Prevenzione dalle cimici dei letti

È buona regola, soprattutto se si è già stati colpiti da una infestazione da cimici dei letti, controllare periodicamente l’abitazione, e, in particolar modo, le camere da letto.

Questa ispezione consiste nel cercare la presenza delle cimici nelle fessure dei muri, del legno del letto e in qualunque luogo che potrebbe essere stato scelto dagli insetti come tana.
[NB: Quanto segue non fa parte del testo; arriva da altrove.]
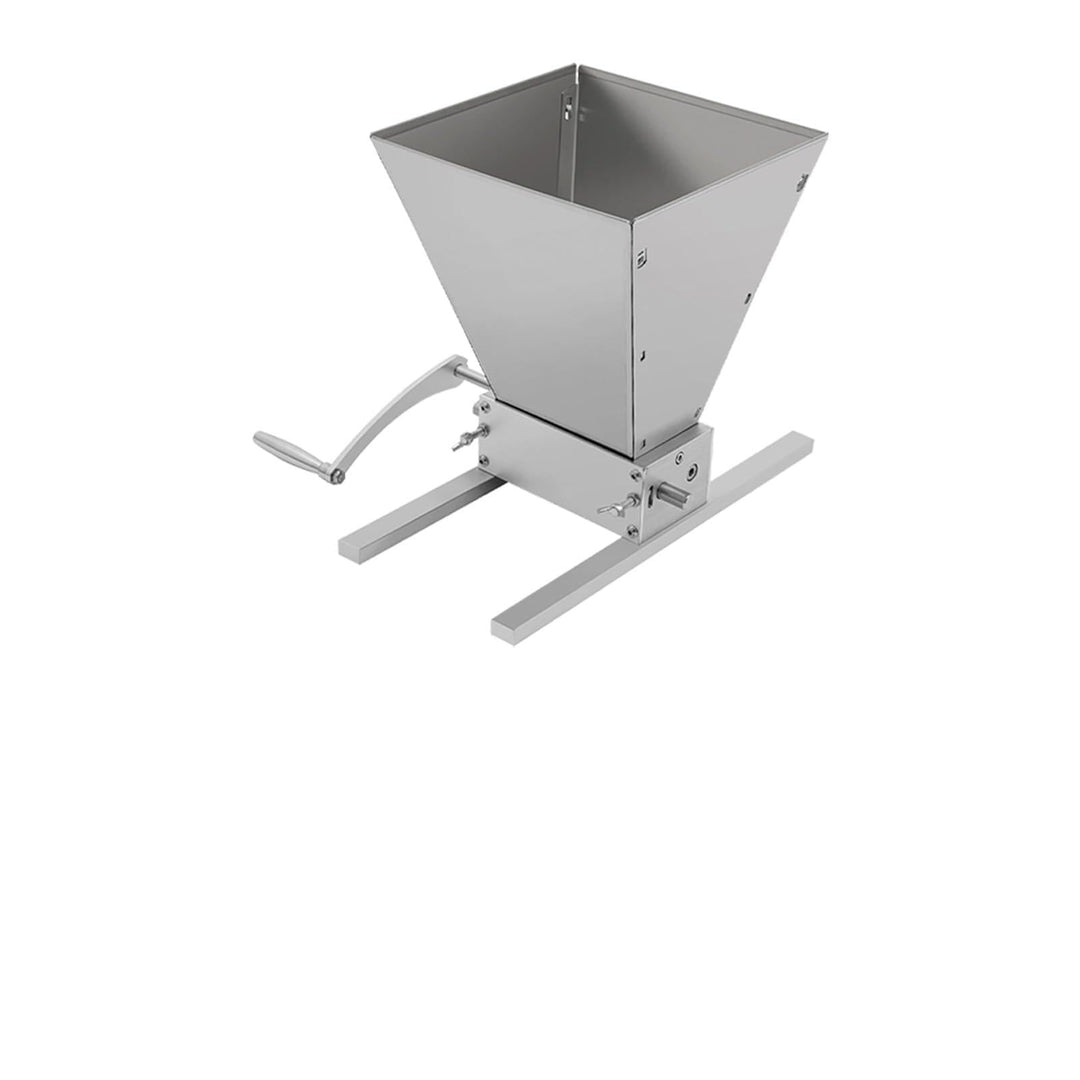 4L Manuelle Getreidemühle, Getreidequetsche, Malzmühle, Futtermühle, Edelstahl Verstellbare Grainmüh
Inoltre occorre ispezionare accuratamente le lenzuola e la zona intorno al letto per controllare l’eventuale presenza di escrementi, uova o esoscheletri dovuti alla muta degli insetti.
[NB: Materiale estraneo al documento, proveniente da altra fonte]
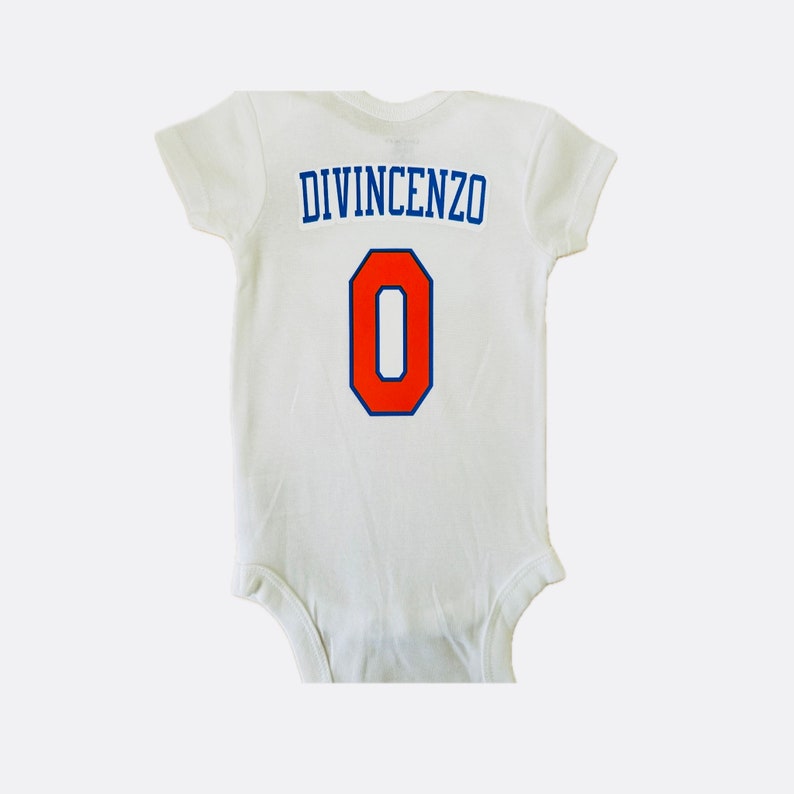 Custom New York Knicks Basketball Baby Black Jersey Personalized New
Per evitare di portarsi a casa dei fastidiosi souvenir quando si soggiorna in un hotel, si consiglia di fare questa ispezione anche al letto della camera d’albergo.
Infine si sconsiglia l’acquisto di letti e materassi già usati.

Disinfestazione delle cimici dei letti

Come abbiamo già detto, la presenza di questi parassiti non dipende dall’igiene, pertanto, per rimuoverli, non è sufficiente una scrupolosa igienizzazione, ma è necessaria un’accurata disinfestazione degli abitati.

Come primo intervento “fai da te”, si raccomanda di stanare le cimici rintanate nell’intelaiatura del letto, passando l’aspirapolvere. Per eliminare le cimici e le uova dai vestiti, si consiglia di lavarli ad una temperatura che si aggiri intorno ai50°C.

In caso l’infestazione sia di notevole entità, onde evitare interventi che, invece di risolvere il problema, peggiorino la situazione, è opportuno rivolgersi il prima possibile ad una ditta di disinfestazione specializzata seria ed affidabile.

Nel frattempo, in attesa dell’intervento degli specialisti, si consiglia di andare a dormire con indumenti che ricoprano tutto il corpo, poiché le cimici dei letti, non riusciendo a nutrirsi attraverso i vestiti, succhiano il sangue della pelle scoperta.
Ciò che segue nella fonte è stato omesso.